Thursday, April 23, 2015

My beautiful fiance.

     More than anything in my life, I wanted to meet someone and feel that absolute certainty, that I had met a partner in life and love.
   My previous relationships, as nice as they were, had a common thread running through them; a gentle undercurrent of disappointment that I tried to silence .At the same time, I was trying to glean relationship wisdom from wherever I could, but it seemed like all the wise people were divided cleanly into two camps.  There were the people who said things like "Once you meet the right person it would be the clearest thing in the world" and from the other end I had people who said "Relationships are about compromise and sacrifices. If you break up with a woman who wasn't perfect you will regret it for the rest of your life". 
   It was a sunny day in August, when I finished with my work that afternoon and I went to visit my cousin. My cousin told me that she was hanging out with her friends at her place and I realized that was a good idea to go there and hang out with them. When I first met Sandy it was the scariest moment of my life; because from the moment I met her I knew that she would change my life. 
  Before her in my relationships I wasn't  paying that much attention, because I knew those are not going to last. When our eyes crossed together I felt something in my stomach. I can't explain that feeling even now. I start talking to her because I wanted to find out more about her and her life; I  mostly wanted to know if she was in a relationship. Thankfully she wasn't. I asked her if she wanted to date with me and I got an answer - a big "YES" with a beautiful smile on her face. After hours of talking and talking I had to go; because it was already five o'clock in the morning. Before I say good bye I grabbed her and gave her one of the biggest and most passionate kisses that I could ever give to a woman. As soon as I got home I couldn't sleep; I was thinking of that all night. I fell in love with her at first sight.
On our first date
   Now we have been together almost five years. We have been through a lot, nice days and bad days. Our first obstacle in our relationship came when I had been called by the army for my duty. Then we weren't together not even a year but our love was stronger than the distance and she had the patient to wait for me. That means a lot. I cant imagine any other girl doing the same thing. After the army we were together again and happy because we had each other besides us. 
   Life had even harder plans for us and the army wasn't the hardest one. After the crisis in Greece I had no job or a degree to find one. My family moved to the United States and I had to follow them for a better future. That future I built in my mind with her. When I left Greece I left my whole soul and my mind over there because of her. It was the hardest moment of my life.
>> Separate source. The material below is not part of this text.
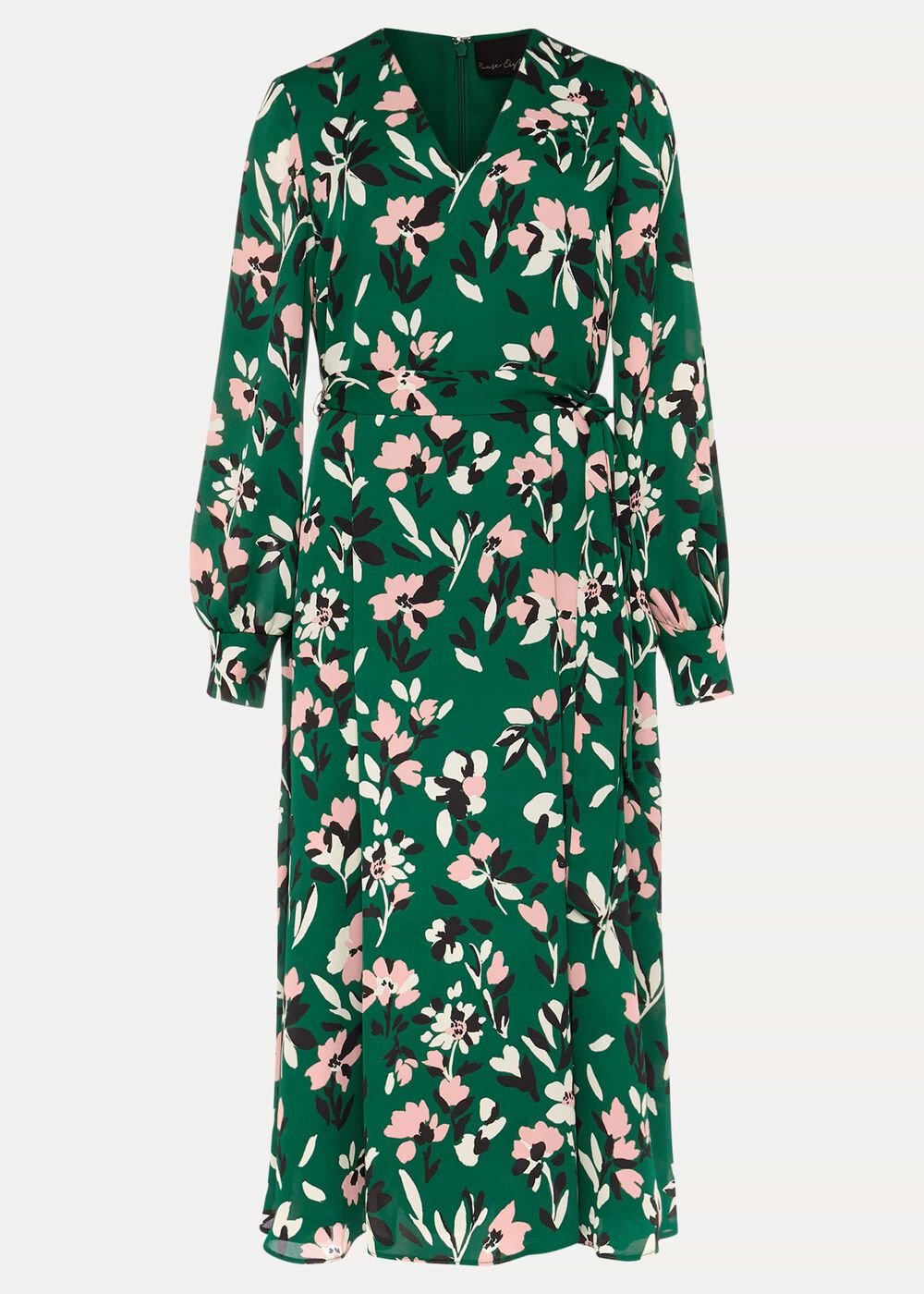 Emmy Floral Dress Jade/Multi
We stayed apart for another year; again our love was stronger than the distance and she came and visited me. When she came it was Thanksgiving and I had a surprise for her. I gave her an engagement ring and told her that I wanted her to be my wife and live with me for the rest of her life. On her face she had again the same beautiful smile when we had first met and with tears in her eyes she said yes.  
Here is when I gave her the ring
   Now I am trying to finish with her paperwork to bring her here and stay with me and I am not going to leave her alone never again in my life. I love her so much and I want her to be the mother of my kids; because a woman like Sandy Iwill never find again.

Thursday, April 16, 2015

New chapter in my life.



    Starting a new chapter in my life is not that simple. I left my country to come to the United States for a better future; I can see that the future is coming but not as soon and it is not as simple as it seems. To succeed here I need to educate myself, be patient and make the right moves to bring that bright future that I want in my life.
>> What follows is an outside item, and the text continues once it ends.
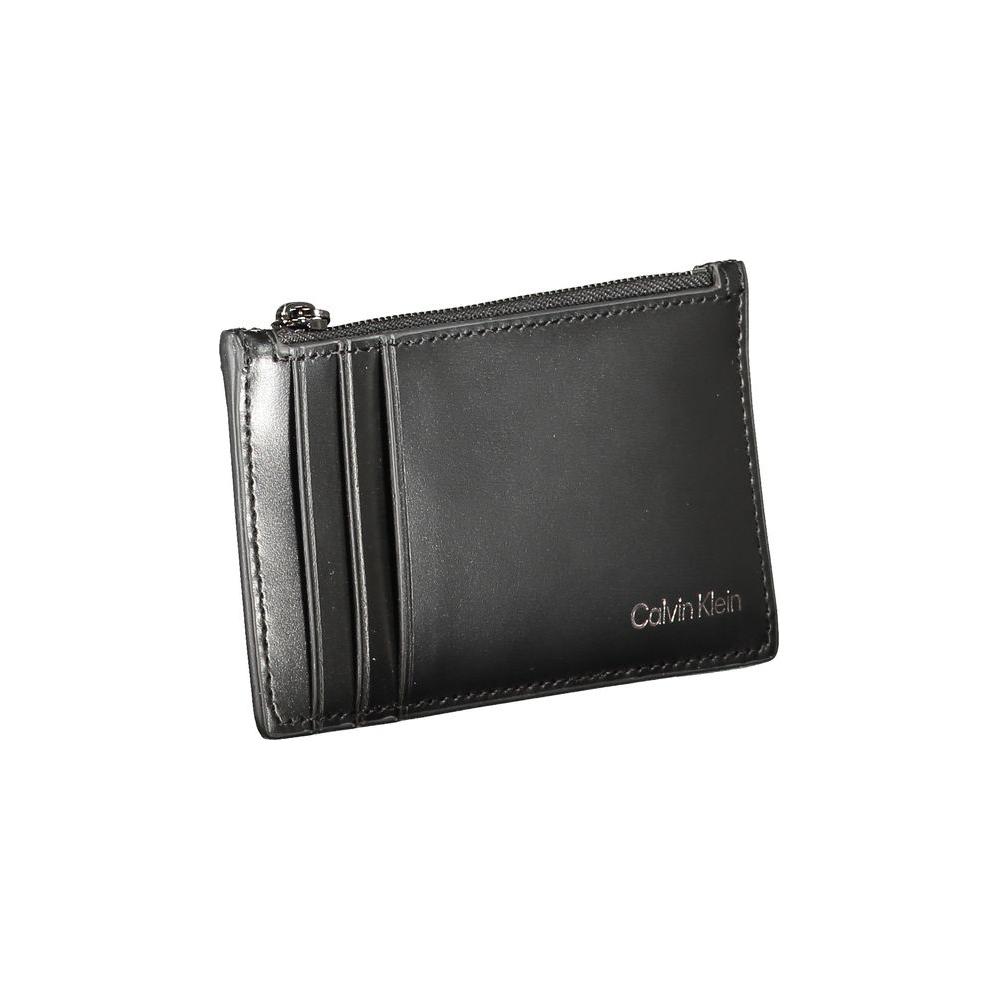 Calvin Klein Black Leather Wallet Calvin Klein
    My life now is in a routine; I have a job and I am going to college. I am working at a local diner which is located in Wilton, Connecticut as a waiter. I don’t like it that much because I didn’t mean to be a waiter but this job pays for my tuition fees and I am glad for that. Also I am a student at Housatonic Community College. I am taking two English classes to improve my English language. At this point of my life I am living with my mother, my step-father and my three brothers in Stratford, Connecticut. It’s hard for me still living with my parents because I am a grown up and I could have my own place but this is hard to archive because a small apartment cost a lot and I don’t have the money or the right job to be able to rent one.

     In the near future I see myself still in college for my bachelor degree in Web Development, which is something that I wanted to do from the day that I came to the United States and I realize that this is the right job for me. While I am at this point of my life I want to have a job based on my education and it’s going to be something that I am not going to be bored.
    Between all those I have a fiance too; that I want to bring her here and live together the rest of my life with her. To bring her here we need to get married; we both want that, we need to be patient because the paperwork takes some time to be done. I am planning to do all those things in 3 years from now; be with my wife in our own apartment, have a better job and complete my bachelor degree.
Me and my beautiful fiance.


    I hope to succeed and live a simple life with my wife and my kids; but kids are not in the near future right now. I have to be patient, find a better job so I can earn a good amount of money and be able to rent my own peaceful place, to raise my kids with love and live my whole life with my beautiful wife that I love so much.